'NCIS' Season 17 Episode 5 focuses on mental illnesses to highlight how the military should reconsider its handling of such recruits

The fifth episode, titled 'Wide Awake' saw Corporal Laney Almonte caught in the middle murder charges for a crime she doesn't remember committing.
PUBLISHED OCT 23, 2019

This article contains spoilers for season 17, episode 5.

Tonight, on 'NCIS' season 11, mind games ruled the stage as our team of experts tried solving a case which was a hypnotic mess.

The fifth episode, titled 'Wide Awake' saw Corporal Laney Almonte caught in the middle of murder charges for a crime she doesn't remember committing. Laney woke up one morning to find a gun in her fridge that she has no recollection of owning or even placing in there. The gun has some blood that doesn't match Laney's but the fingerprints do. When Laney calls the police, they try ruling the case as one of failed memory due to all the prescription drugs for mental illness Laney was taking, but when they are able to find the registered owner of the gun, they go over to his home only to find his dead body.
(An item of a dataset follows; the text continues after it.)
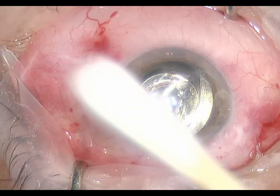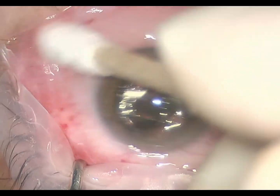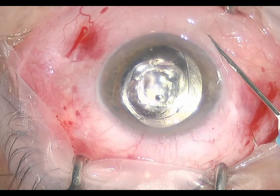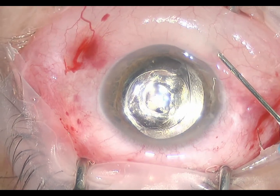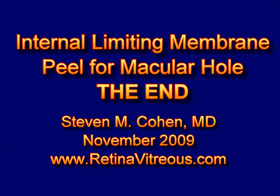I hope this surgery has been instructional. There are several others on our website, and I invite you to observe them. There are other macular hole surgery videos which show other techniques for repairing macular holes. This patient had an excellent result. The macular hole closed, and her vision improved to better than 20/40.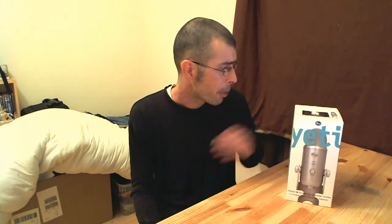It's at a very good price point — I paid £100 from Amazon, so it's pretty cheap. And it packs a lot in. It's a triple condenser microphone. It comes with four recording settings: stereo recording, cardioid recording, bi-directional, and even omnidirectional.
With no alibi and all evidence pointing towards Laney - to a point where even she feels she might have committed the murder and forgotten about it - the only twist is the tale is that Laney claims to have been fast asleep through the night, after a very successful one on one hypnosis session with her therapist. One would think this therapist would have something to do with the murder but even though he does have a past of petty pranks where he hypnotized his college roommate to steal some beer, he claims he can't hypnotize a person to commit murder.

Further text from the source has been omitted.